Bahraini N, Brenner LA, Barry C, Hostetter T, Keusch J, Post EP, Kessler C, Smith C, Matarazzo BB. Assessment of Rates of Suicide Risk Screening and Prevalence of Positive Screening Results Among US Veterans After Implementation of the Veterans Affairs Suicide Risk Identification Strategy. JAMA Network Open. 2020 Oct 1; 3(10):e2022531.
In 2018, the Veterans Health Administration (VHA) implemented the Veterans Affairs (VA) Suicide Risk Identification Strategy to improve the identification and management of suicide risk among veterans receiving VHA care.
To examine the prevalence of positive suicide screening results among veterans in ambulatory care and emergency departments (EDs) or urgent care clinics (UCCs) and to compare acuity of suicide risk among patients screened in these settings.
Design, Setting, and Participants:
This cross-sectional study used data from the VA's Corporate Data Warehouse (CDW) to assess veterans with at least 1 ambulatory care visit (n = 4 101 685) or ED or UCC visit (n = 1 044 056) at 140 VHA medical centers from October 1, 2018, through September 30, 2019.
Standardized suicide risk screening and evaluation tools.

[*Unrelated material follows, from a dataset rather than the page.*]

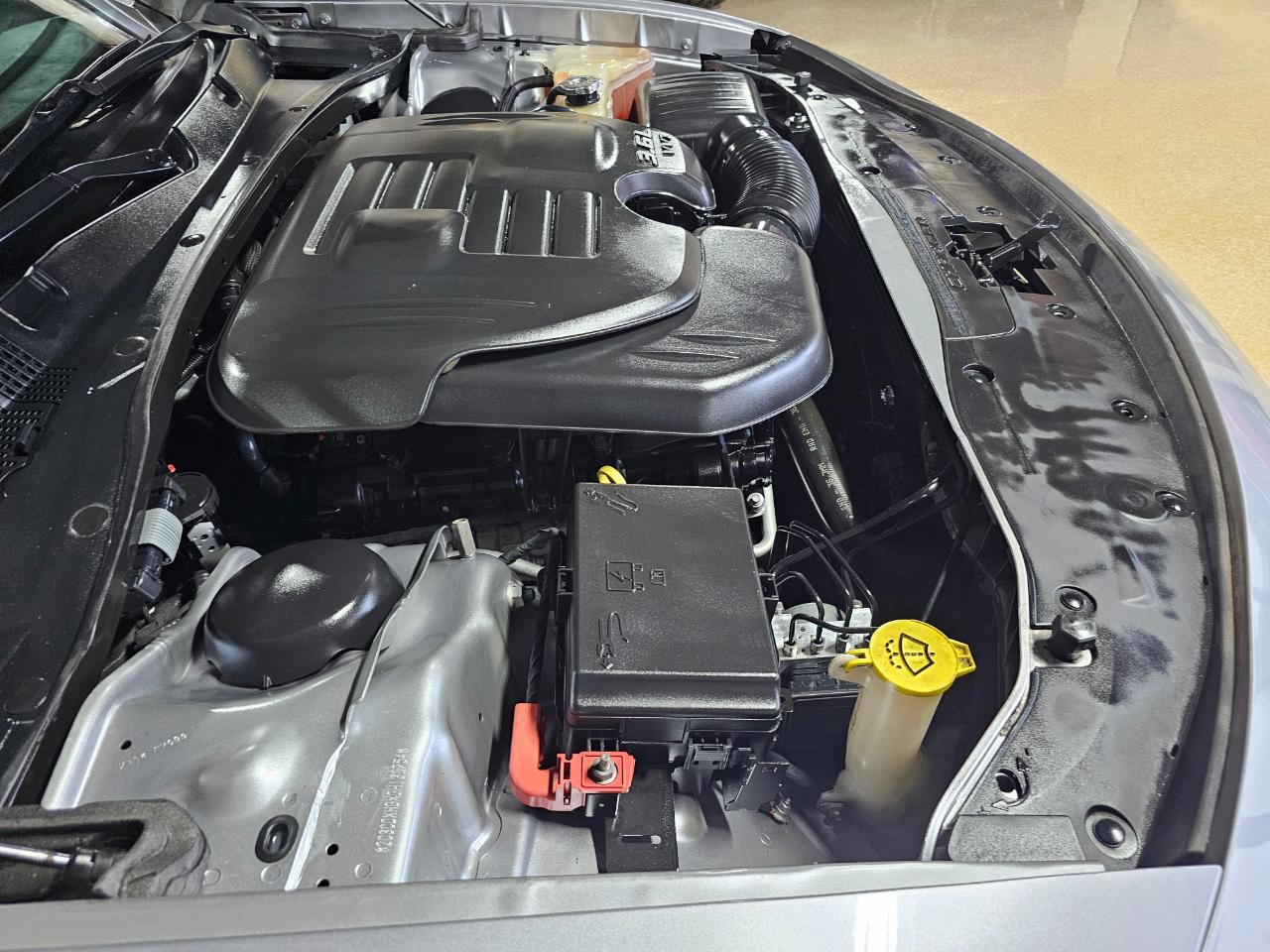 Dodge Charger 4dr Sdn SXT RWD 2016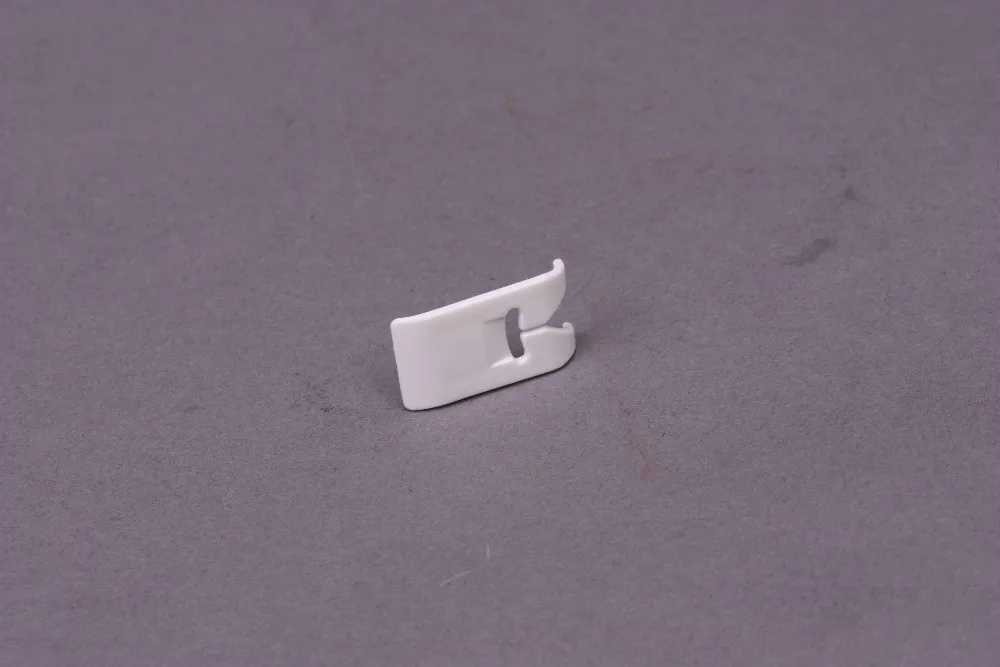 SEWING MACHINE ACCESSORIES SPARE PARTS PRESSER FOOT For Sewing Machine CY-7301PW | Дом и сад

Main Outcomes and Measures:
One-year rate of suicide risk screening and evaluation, prevalence of positive primary and secondary suicide risk screening results, and levels of acute and chronic risk based on the VHA's Comprehensive Suicide Risk Evaluation.
A total of 4 101 685 veterans in ambulatory care settings (mean [SD] age, 62.3 [16.4] years; 3 771 379 [91.9%] male; 2 996 974 [73.1%] White) and 1 044 056 veterans in ED or UCC settings (mean [SD] age, 59.2 [16.2] years; 932 319 [89.3%] male; 688 559 [66.0%] White) received the primary suicide screening. The prevalence of positive suicide screening results was 3.5% for primary screening and 0.4% for secondary screening in ambulatory care and 3.6% for primary screening and 2.1% in secondary screening for ED and UCC settings. Compared with veterans screened in ambulatory care, those screened in the ED or UCC were more likely to endorse suicidal ideation with intent (odds ratio [OR], 4.55; 95% CI, 4.37-4.74; P < .001), specific plan (OR, 3.16; 95% CI, 3.04-3.29; P < .001), and recent suicidal behavior (OR, 1.95; 95% CI, 1.87-2.03; P < .001) during secondary screening. Among the patients who received a Comprehensive Suicide Risk Evaluation, those in ED or UCC settings were more likely than those in ambulatory care settings to be at high acute risk (34.1% vs 8.5%; P < .001).
Conclusions and Relevance:
In this cross-sectional study, population-based suicide risk screening and evaluation in VHA ambulatory care and ED or UCC settings may help identify risk among patients who may not be receiving mental health treatment. Higher acuity of risk among veterans in ED or UCC settings compared with those in ambulatory care settings highlights the importance of scaling up implementation of brief evidence-based interventions in the ED or UCC to reduce suicidal behavior.